The shooting has sparked outrage and concern, especially in black communities, with some alleging that Martin was shot because of his race and attire, including wearing a hooded sweatshirt, or “hoodie,” which, although worn by people of all ages and races, some associate with criminals.
Lewis is calling on those planning to his assembly to wear hoodies in a show of support.
Lewis, 34, who is black, was born and raised in Red Bank, He is a graduate of Red Bank Regional High School, Little Silver and attended Delaware State University on a football scholarship. Following his college graduation,he worked for not-for-profit organizations.

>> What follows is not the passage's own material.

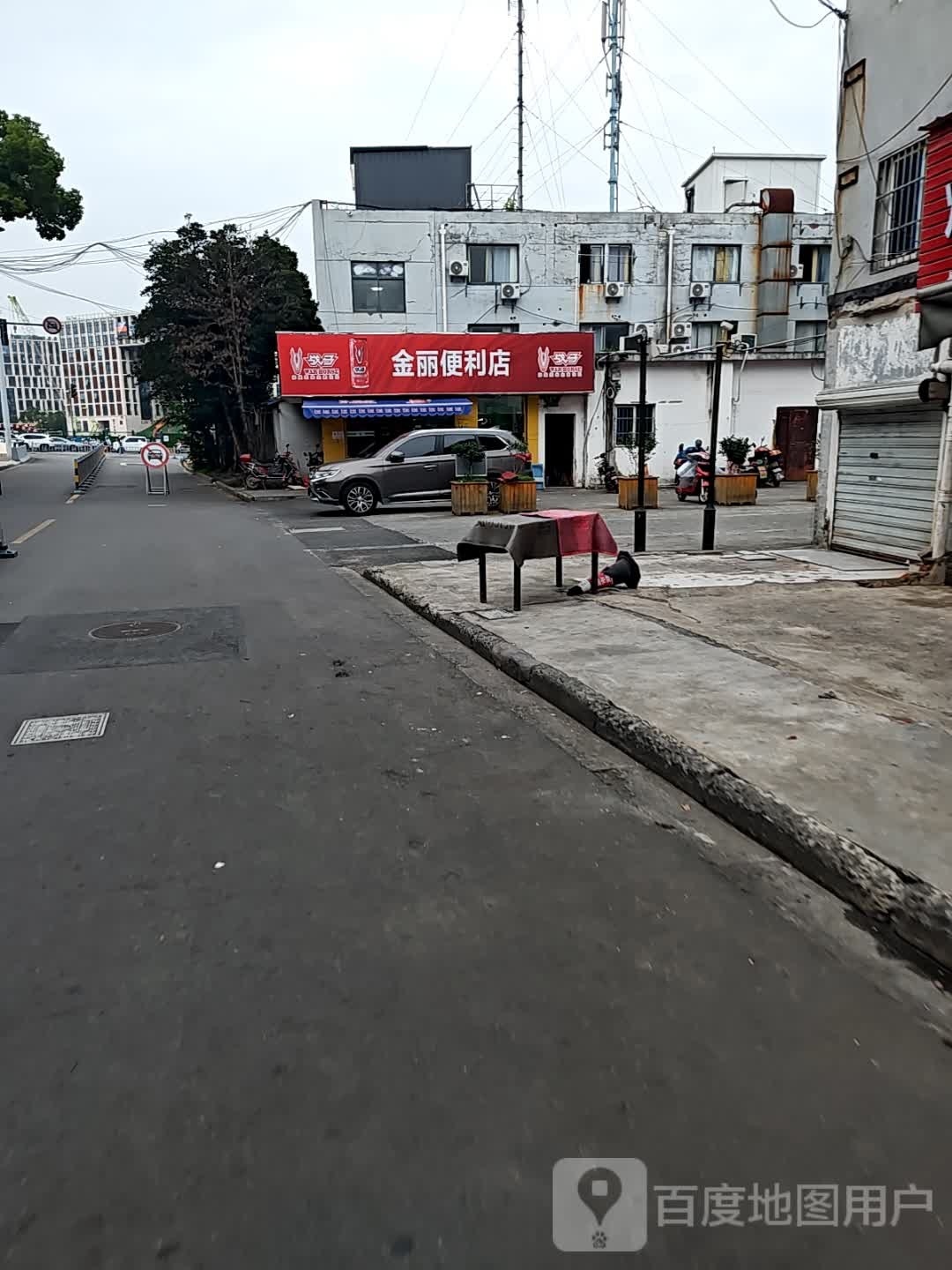 金丽会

He recently moved back to Red Bank after living and working in Wilmington, Delaware for the past eight years.
And as a young man of color, he said, he knows the sting of being stereotyped for his race and clothing.
“I know it is constantly on your mind as a young black male in America,” he said.
“When I dress down, that’s what I wear,” he said, referring to a hooded sweatshirt. He feels many people “tend to jump the gun and judge a book by its cover.”
He recalled instances in college, “where, we’re outside, just hanging around the car, maybe an officer pulls up and kind of assumes,” he said without completing the sentence.
“Sometimes in that whole process, you feel yourself scared or feeling threatened for something you know you didn’t do,” he said.
He characterized himself as “A young man who has come through life, made some mistakes, made some good choices, made some bad choices.
“But I’ve learned from doing,” he said.
“For me it’s even more personal. I am Trayvon Martin,” he said.
The purpose of his organization is to work with youth, especially boys and young men, and help to steer them from bad choices by offering positive role models. And if they make mistakes, “help them to understand their mistakes and learn from (them) and how to move on from them.”